**AIM OF THE EXERCISE**
Return, with both end lines included, exactly what the data below holds from the line with "Szary Używany 2010" through the line with "Vendedor é preso", though not the pictures.

**SUPPLIED RECORDS**
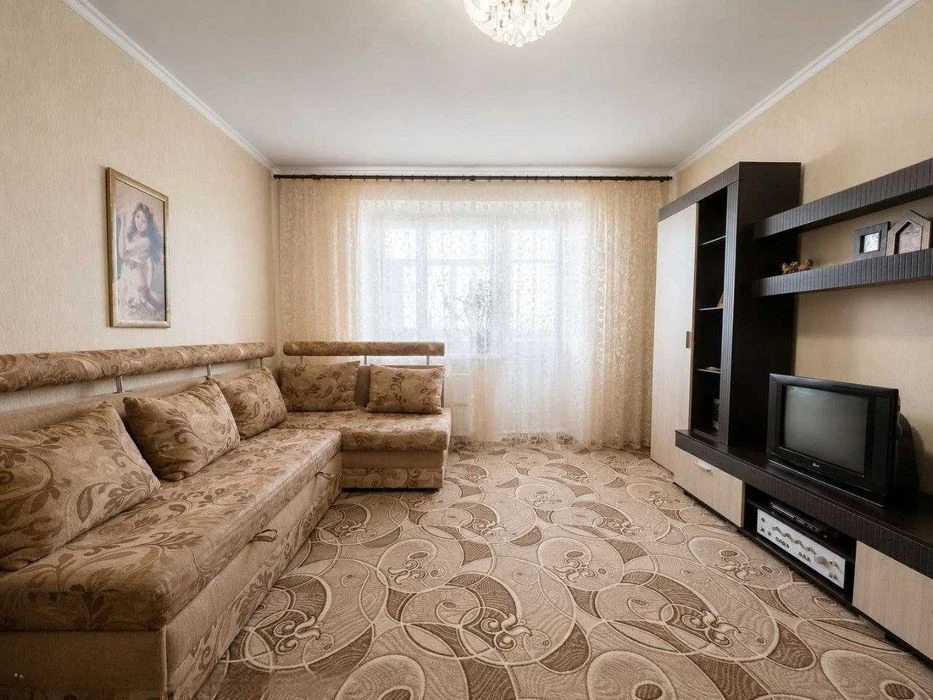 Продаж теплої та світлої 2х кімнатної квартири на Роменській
* * *
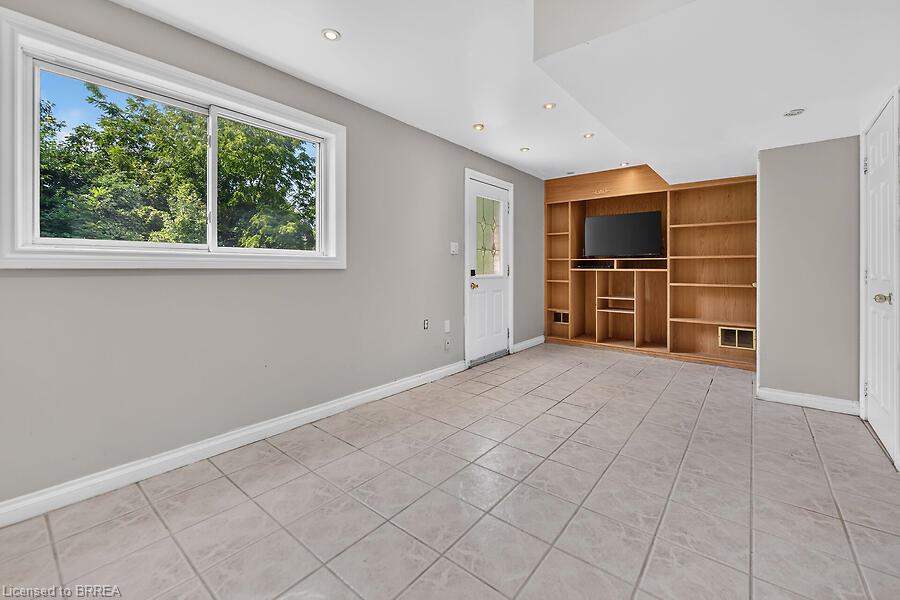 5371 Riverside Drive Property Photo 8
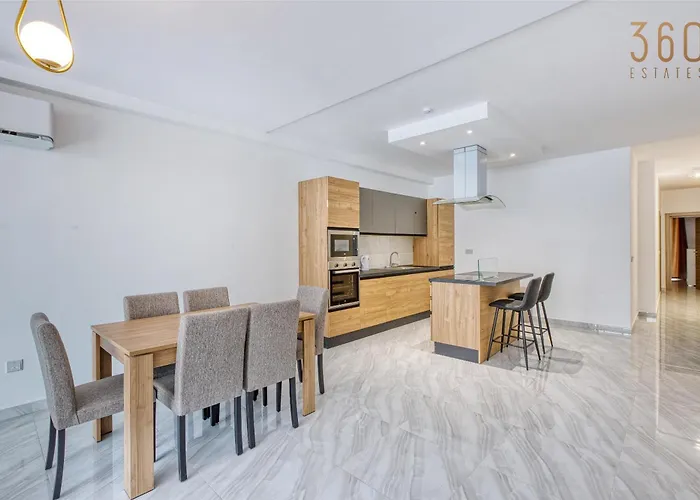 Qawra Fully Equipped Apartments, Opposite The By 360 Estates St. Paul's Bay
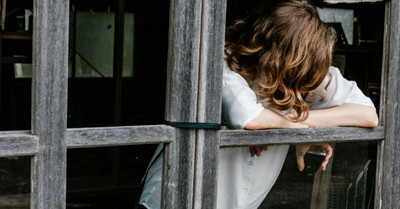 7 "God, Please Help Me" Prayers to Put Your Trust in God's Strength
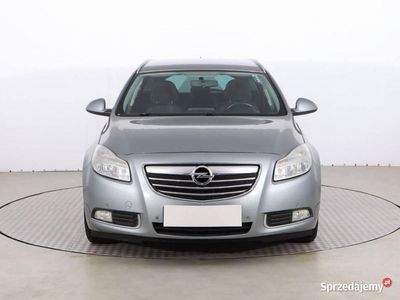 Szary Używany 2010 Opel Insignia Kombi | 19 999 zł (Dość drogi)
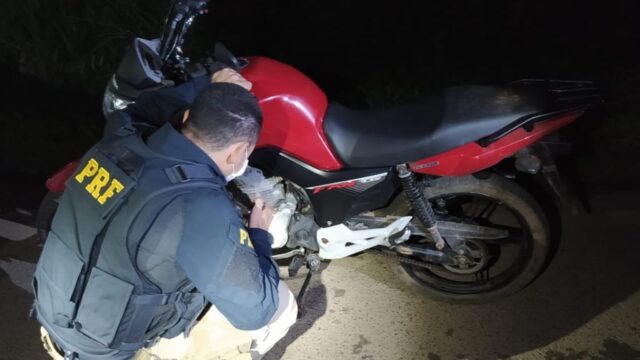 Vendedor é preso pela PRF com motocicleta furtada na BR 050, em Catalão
...
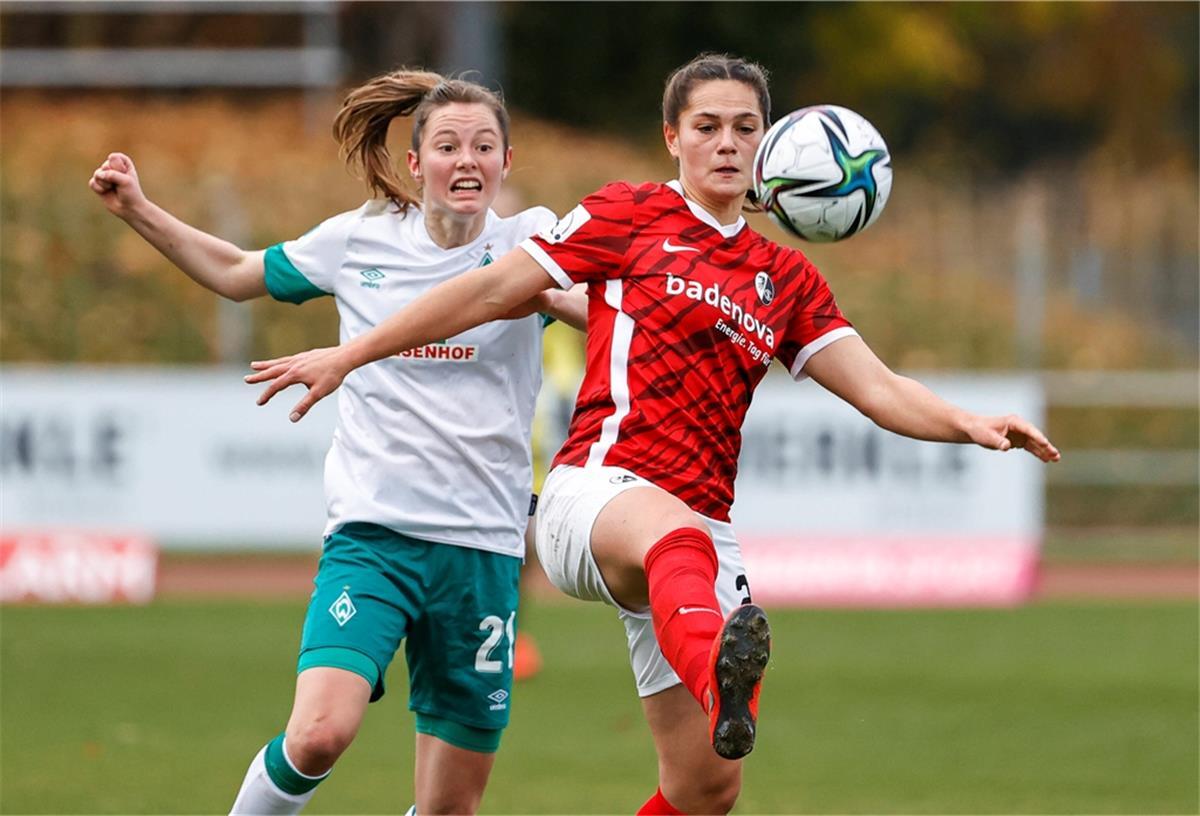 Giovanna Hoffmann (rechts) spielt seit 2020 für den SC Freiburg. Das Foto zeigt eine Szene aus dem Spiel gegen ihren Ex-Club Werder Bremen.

**ANSWER TO THIS PROBLEM**
 Szary Używany 2010 Opel Insignia Kombi | 19 999 zł (Dość drogi)
 Vendedor é preso pela PRF com motocicleta furtada na BR 050, em Catalão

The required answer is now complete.